Friday, August 22nd, 2008

Kinda long story but gotta explain fo’ get da “feeling” - I’ll try and “jet” it along…

As I was warming up da bike last Friday ready to go home from work, I geared up and saddled da seat. (Funny, how come I can touch da ground now?) Hmmm. Balance da bike upright. (Eh! How come BOTH feet can touch da ground now?!) Take a look at da rear tire….

Flat. Sheesh kabobs! Supposed to be Feel Good Friday!

Wassap Wit Dat!

So I inspect da tire. Nothing. Roll it forward, check it out. Nothin’. Wat, some punk wen rock plug my tire? Nope. Some fricka’ wen jus’ let out da air? (no trust cause had my bicycle stolen last year and my bike pump stolen a few months ago). Maybe.

Wat I goin’ do now? I no like call Da Wife (who went home real early cause she had some comp time) fo’ come all da way back into town through traffic jus’ fo bring all my tools in da truck. I wondah if I can make it to Lex Brodie’s? All I need is air fo’ now.

Vrrrrooooom. No can.

A couple co-workers pull by and ask if I need help or a ride.

“Nah. Can handle.”

So I’m thinking thinking thinking. Oh! Lexus next door should have a portable air compressor. Walk on ovah and ask one if they get one. Da guy behind da desk nevah seem too interested. Den I hear one voice behind a wall.

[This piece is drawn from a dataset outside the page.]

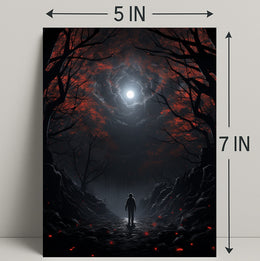Moonlit Pathway Poster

“I think we have one. Eh, you’re the guy that rides the red R6 right?”

“Yup. How you know?”

“I see you ride by everyday. I ride the blue R1 (pointing at his ride).”

“Cool.”

They let me take the compressor back to the bike and as I’m pumping air into the tire, I try to find the puncture, if any, but couldn’t. The salesman pops up out of nowhere and asks if I found the puncture. Nope. Then he asked if I checked for “rocks”. Nevah have. Then he says, “you hear that?”

No.

He finds a little puncture in the tread channel as air is hissing by.

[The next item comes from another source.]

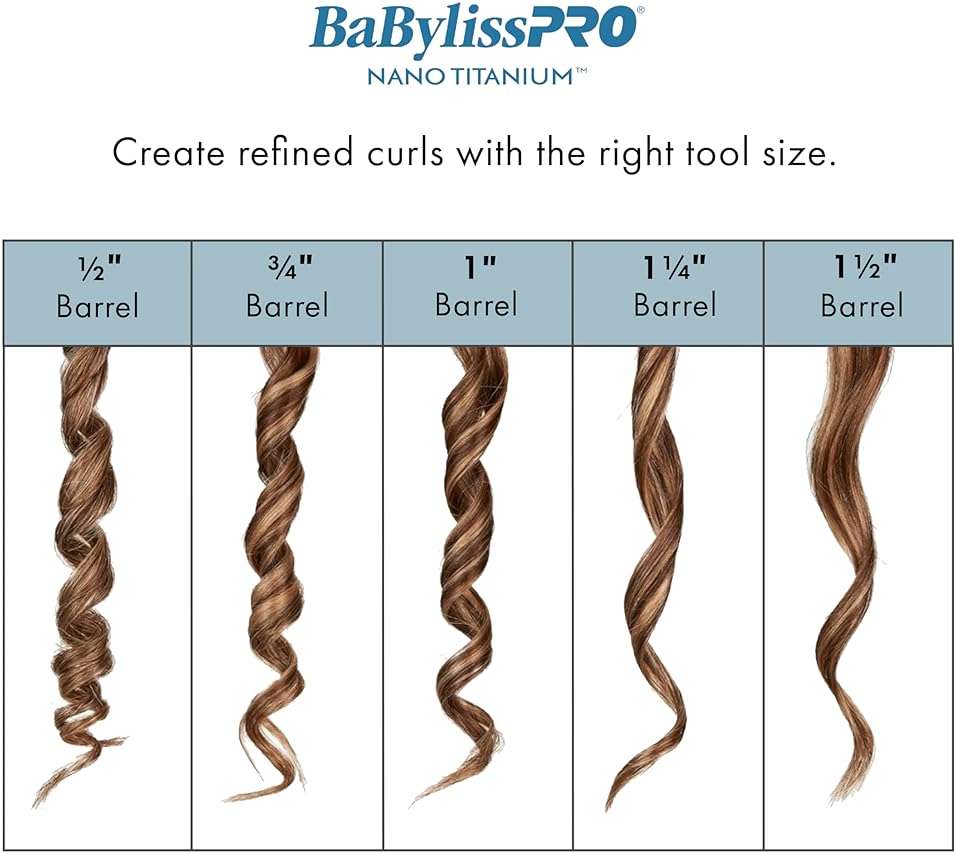 BabylissPRO Nano Titanium Professional Curling Iron with Extended/Long Barrel Perfect for Longer Hair - Image 7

Ok, jus’ gotta fill up wit air and ride to da nearest Checkers to get a plug kit. No problem. As I get onto Nimitz I’m thinking, “geez, da puka stay in da channel, there’s nothing slowing the air (like a nail head), I may not make it. Wat kine Feel Good Friday dis!?”

K-mart was coming up so I pull in and picked up one of the last two kits. Whew. Ok, air now. Fo’ some reason, the closest one I could think of was Waiakamilo Chevron so I head there.

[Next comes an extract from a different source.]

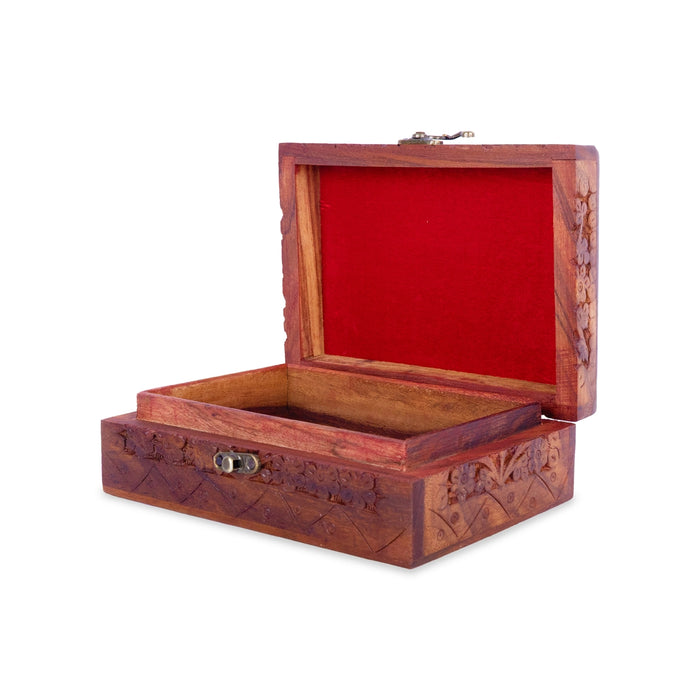 Jewel Box - 2.5 x 7 Inches | Storage Box / Kashmiri Design Wooden Box / Container for Women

As I’m at da Bob’s Bar-B-Que intersection I catch Firestone in da corner of my eye and notice they’re still open (it’s past six already - almost closing time fo’ dem). Great! I’ll stop there instead - plus if I need additional tools, they ‘geef um.

I pull up to the side and notice a mechanic working on a car with a customer. No biggie. He finishes up and asks if I needed any help.

“Yup. I can borrow some air?” (looking at him sheepishly)

“Sure.” (looking at me funny kine)

Looking at each other again as he’s bringing da hose I glance down at his name tag sly li’dat,

“Brandon?”

“Coach Lance?”

Holy moly! I’m always ecstatic to see former players. Wat’s even mo’ amazing is dat I coached him about seven years ago. He’s now one year out of high school, working and going to school trying to make something of himself.

As I’m plugging my tire we begin to talk. Let me jus’ say dat wen I had Brandon he wasn’t the “athletic” prototype. He was about 5′5 or 6″, probably pushing 200lbs, not agile and looked like a teddy bear. I remembah his group cause most of them exemplified “heart”. They were talented but it was their character dat moved me da most. Always willing to help each other, bus’ their okole’s, respectful and everything in between.

I still use their stories and experiences as examples for my players today. Let me share a quick one.

It was a playoff game and you could feel da tension from our team as they couldn’t loosen up. I believe it was the third inning wen there was a high foul side pop fly towards the first base dugout. I remembah thinking it was out of play wen I see Brandon, playing first base, on his horse going for it.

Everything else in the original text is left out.